## Data shown
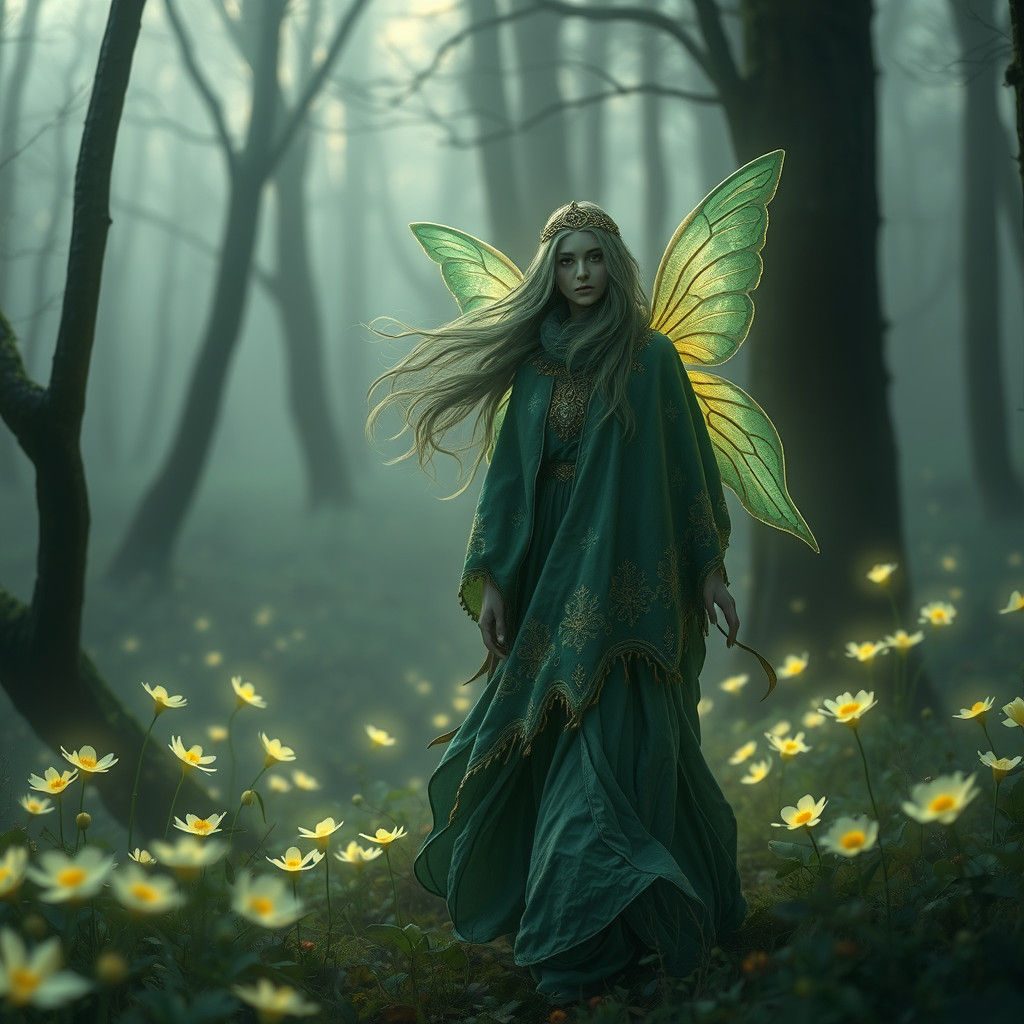 Enchanted Celtic Maiden in Fluorescent Forest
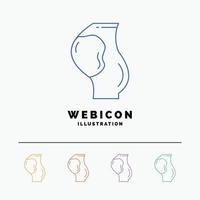 pregnancy. pregnant. baby. obstetrics. fetus 5 Color Line Web Icon Template isolated on white. Vector illustration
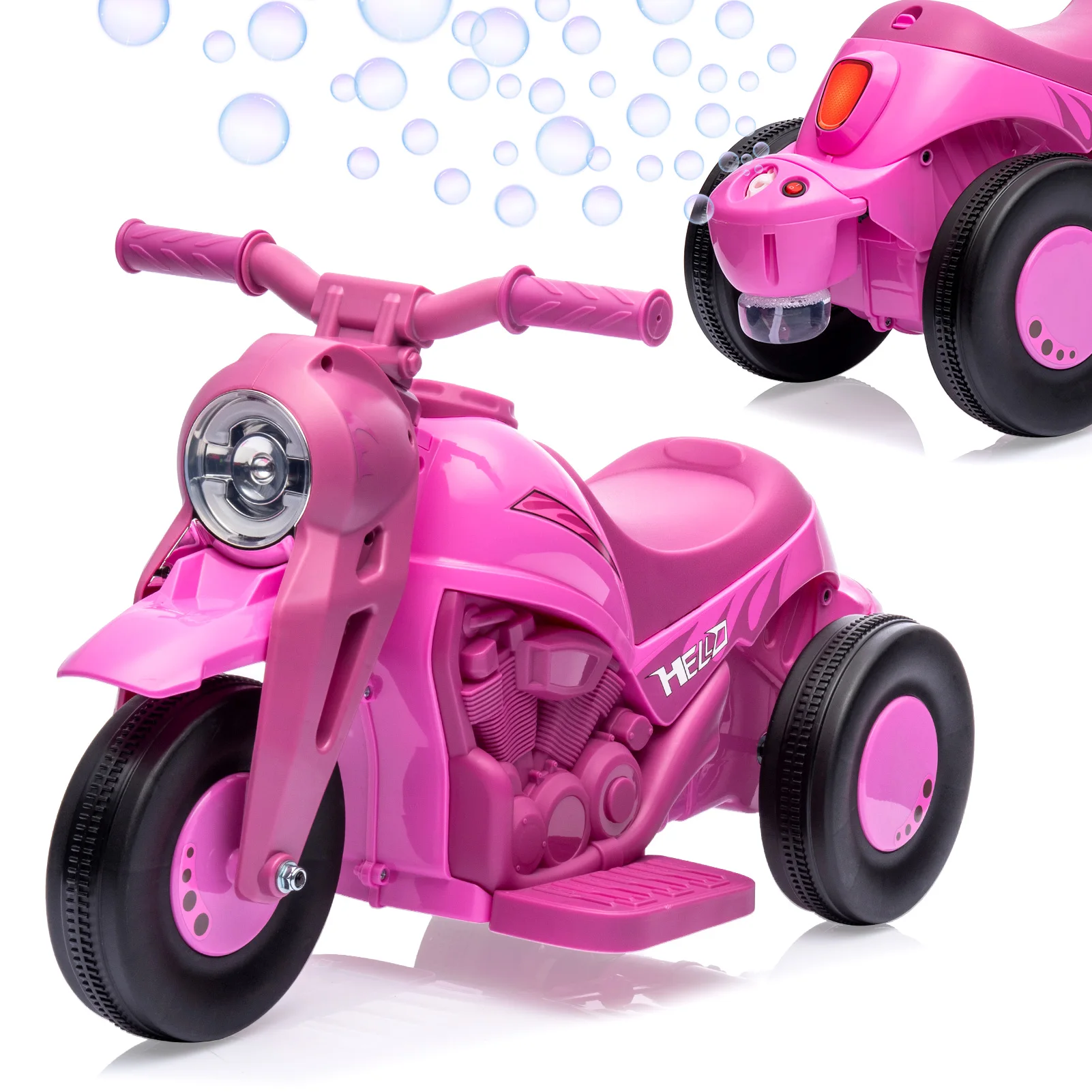 Kids Ride on Bubble Car, 6V Battery Powered Electric Motorcycle 1.9 MPH Speed w/LED Headlights, Music, Pedal, Forward/Reserve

## Exercise prompt
The reply should consist only of the lines running from the one with "pregnancy. pregnant. baby." through the end of the material, both included, copied exactly; please omit pictures.

## Answer to this task
 pregnancy. pregnant. baby. obstetrics. fetus 5 Color Line Web Icon Template isolated on white. Vector illustration
 Kids Ride on Bubble Car, 6V Battery Powered Electric Motorcycle 1.9 MPH Speed w/LED Headlights, Music, Pedal, Forward/Reserve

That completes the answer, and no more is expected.